Courtesy of Wikimedia Commons
Courtesy of Wikimedia Commons

Governor Jerry Brown has instituted a new set of restrictions on water consumption at a statewide level in response to increasing concerns about the ongoing California drought. The plan calls for a 25 percent cut in water consumption across the state. However, his plan exempts restriction on California agriculture, which is responsible for 80 percent of the state’s water use, with the remaining 20 percent accounted for by residential use, among other things.

Though it is undoubtedly necessary to take measures to reduce the severity of the drought, Governor Brown’s plan is inherently flawed by letting the agricultural sector run unhampered by the new policy. The amount of water that will be saved by restricting residential water use will be far outweighed by the amount poured into agriculture, so realistically, any plan not limiting agricultural water use is completely futile.

Furthermore, the 25 percent that is to be cut from private water use is an unrealistically large expectation to make of Californians so suddenly, especially considering that the government itself is not taking any responsibility for aiding in reducing water use.
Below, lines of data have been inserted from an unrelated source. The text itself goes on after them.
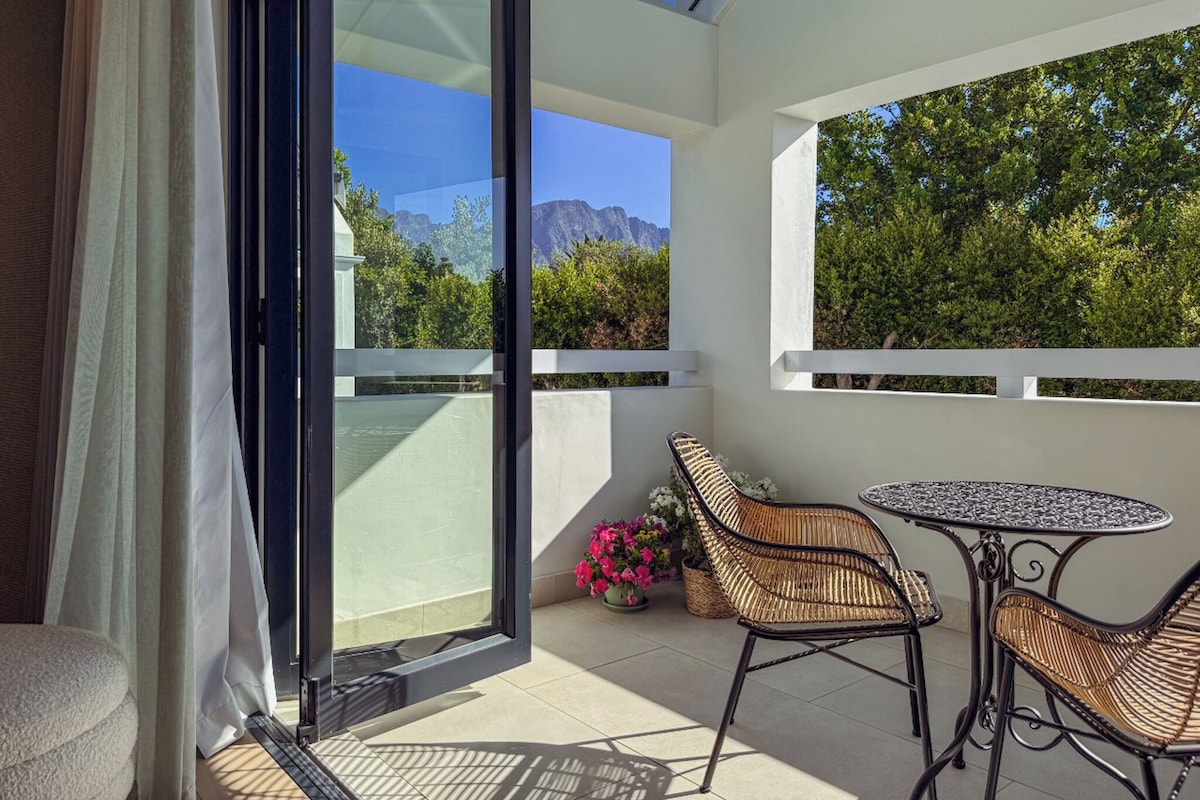 Luxury Room, Mountain View | View from room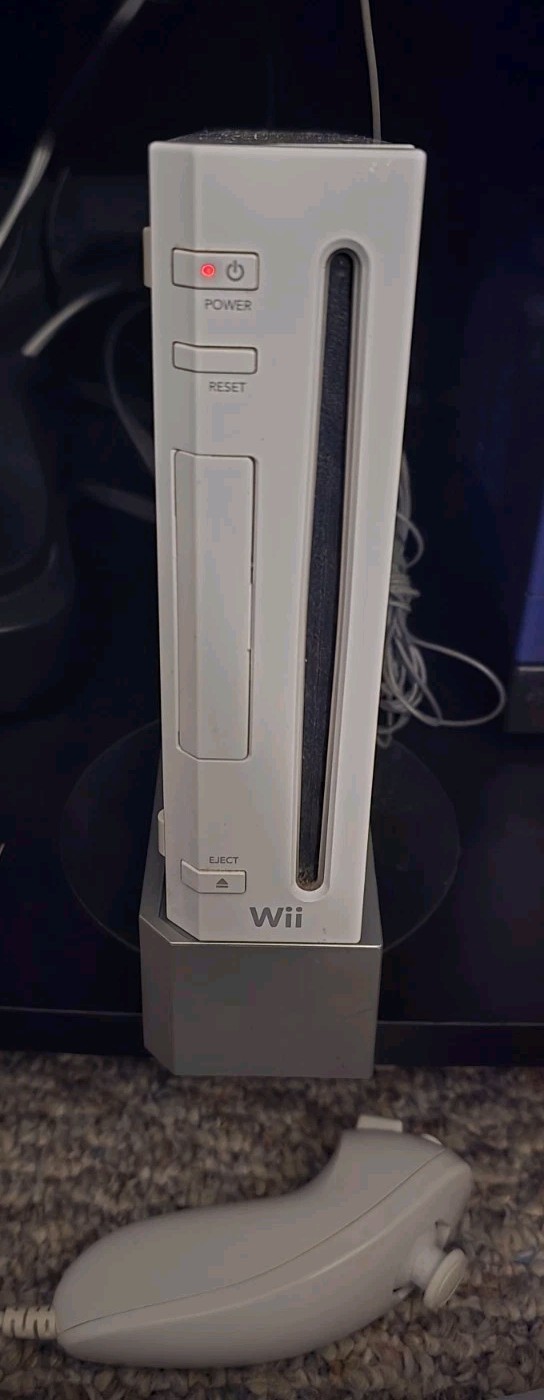 Nintendo Wii Console Bundle OEM Remote Nunchuk Sensor Bar Stand Cables Clean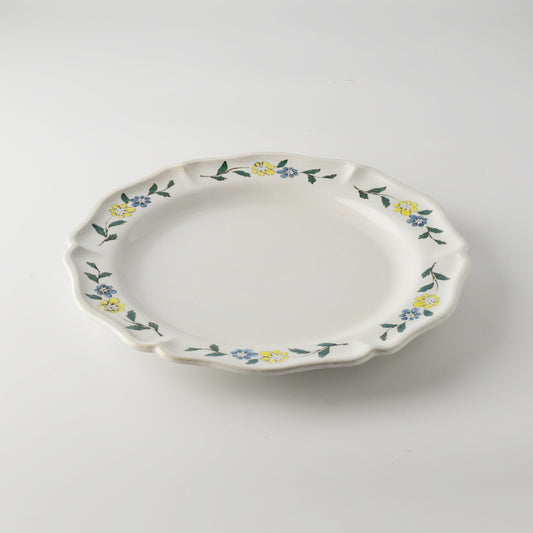 Studio M Lemon Flower Round Plate - 25cm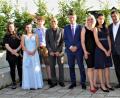 Bild: kal
Die Schul- und Klassenbesten mit ihren Lehrern (von links): Laura Schörner (10 G), Lena Ruppert (10 a ), Sebastian Rothfischer (10 G), Michael Kirsch, Rektor Florian Fuchs, Christine Schmeiler, Laura Böhm (9 G), Rainer Kaleschke, Timi Igbosi (10 a) und Philipp Schlaffer (9G).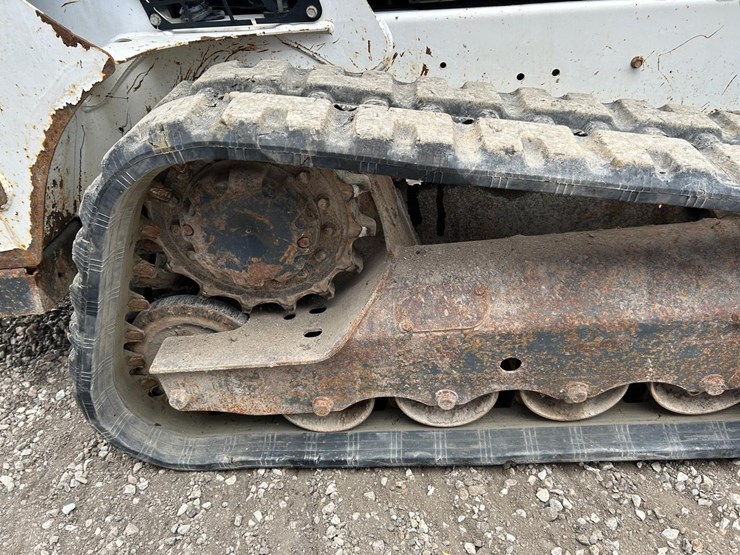 2018-bobcat-t590-image-13
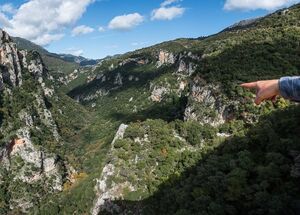 hiking-menalon-lousios-gorge-logo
There is not even an adequate system in place for enforcing the governor’s plan or to punish those who violate it; the government simply fines the water districts $10,000 for every day they do not reduce water consumption sufficiently. Thus, Governor Brown’s “plan” is quite hollow and unfair toward the residents of the state.

The plan’s futility is not Governor Brown’s fault; after all, what American (better yet, what Californian) would willingly give up any significant part of their water use? I imagine very few would. In a culture where sprinklers soak sidewalks and homeowners dream of having that fancy built-in pool, water itself is not viewed as a luxury, nor is it valued as a necessary daily commodity; it is simply consumed blindly and taken for granted. We assume that when a faucet is turned on water will come out, but in a bad enough drought, with water treated so wastefully, perhaps the day will come when that faucet will run dry.

Of course, this is a worst-case scenario, but the threat of it should spur on Californians, both at local and statewide levels, to make real, significant changes. People with a little bit more environmental consciousness have had ideas on what the average citizen can do to save water, be it five-minute showers or watering the lawn only every other day. Perhaps the occasional person was convinced of the usefulness of such ideas and went about following them, but this simply is not enough. The only way to effect the needed conservation is to change the culture of California, from the parched ground up.

These sorts of alterations would not be convenient, nor would they be cheap, but when all is said and done, making these sorts of radical changes might be enough to avert a crisis with California’s water situation. A few of these potential ideas are listed below.

First, people need to let their lawns die. Southern California is a desert, and grass does not grow in the desert; of course, it can, especially when it is practically drowned by lavish and careless watering, as I have seen in many a yard before. Grass is not an efficient user of our limited water resources, so to do away with it on a massive scale would save an immense amount of water, certainly several percent toward Governor Brown’s goal. Anyone insisting on a yard besides dirt can work with the sorts of plants (not just cacti) that do grow naturally in the desert.

Second, the government has to do its part by putting investments into water-saving technologies, or better yet, technology that will add to our available pool of water resources. In Israel, for example, there are facilities that remove the salt from the waters of the adjacent Mediterranean Sea, making such water potable. With access to an entire salty ocean, large-scale construction of similar facilities in California, though in all likelihood grossly expensive (and here an opportunity presents itself for the government to do its part and subsidize such construction), could add a great boost to the amount of water that is readily available.

Last, backing up the new water restrictions with harsh penalties could prevent small-scale water waste. There are already fines in place for people who overwater their lawns, but these are so rarely charged that they are not an effective deterrent. Stepping up enforcement of such fines, perhaps with a separate “water police,” ought to make it clear to the public that such waste is not acceptable and will not be tolerated.

Though government force could greatly help California’s water situation, the discontent this would likely generate would only be a detriment to conservation efforts. It is therefore ultimately up to each and every individual in California to make real changes if we wish to have water down the line.